The Industry will depend more on software vendors than internal resources for software development in the future. Object oriented database-driven CAD/CAE systems will become popular in the next three to five years. Increasing use of expert systems, other artificial intelligence concepts, and dynamic walk-through simulation programs is anticipated. Simulation of the conceptual design of projects will be among the engineer constructors capabilities.

Bar-code technology is gaining popularity for materials management in the Industry. Many companies have already convinced themselves that this technology is cost effective in field materials control, and are using them regularly. Materials and small tools are identified by unique identification numbers and managed effectively in a computer integrated environment. Use of Industry-standard product codes will make this system more cost effective.

In three to five years most engineers will have a computer on their desk and use it a substantial part of the time. Increasing use of high-end supermicro and low-end minicomputers, called technical or engineering workstations, is anticipated. These computers will be much more powerful than current models.
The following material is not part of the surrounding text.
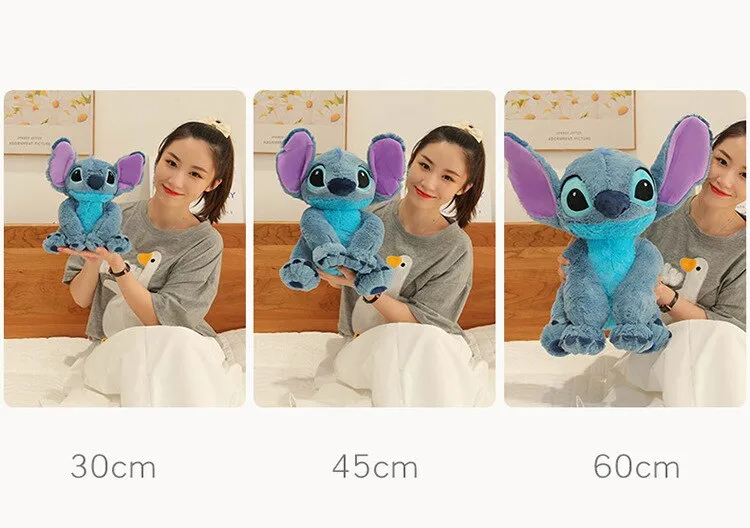 60cm Disney Stitch Plush Toy Doll Anime Lilo & Stitch Sitting Stitch  Cartoon Stuffed Doll Children's Comforting Pillow Kids Gift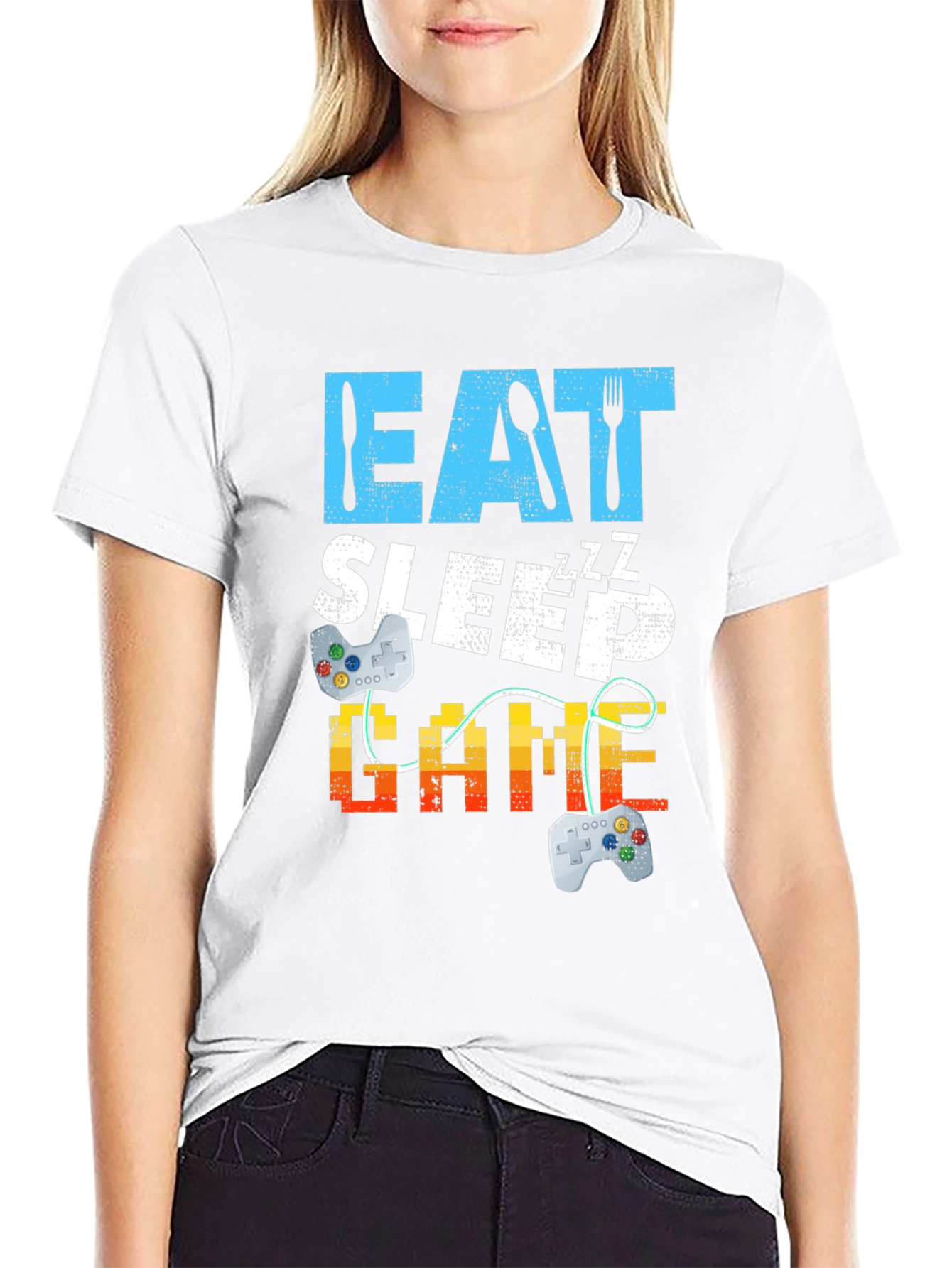 Eat Sleep Game Black Graphic Tee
Heterogeneous hardware platforms tied to local area networks (LAN’s) and wide area networks (WAN’s) will be the choice for the future. “Ethernet” seems to be the choice here. LAN’s and WAN’s will link all kinds of machines for communication. Achieving maximum flexibility and compatibility between hardware and software will be a strategic focus for cost effective computerization. Due to the demand for open software systems that can be run on wide range of hardware platforms, bundling of hardware and software will be even less favored in the future. Increasing use of UNIX operating system is anticipated due to its power and portability.

Industries will develop unique project and company databases. Owners and contractors both will draw information from their own company databases and industry databases, and create from them project databases to be used for construction and other business requirements. Computerization is moving at a pace that leaves today’s tools and methodology obsolete at an alarming rate. The next five years are viewed as exciting and expensive times for the Construction Industry. Poor planning will make those years even more expensive.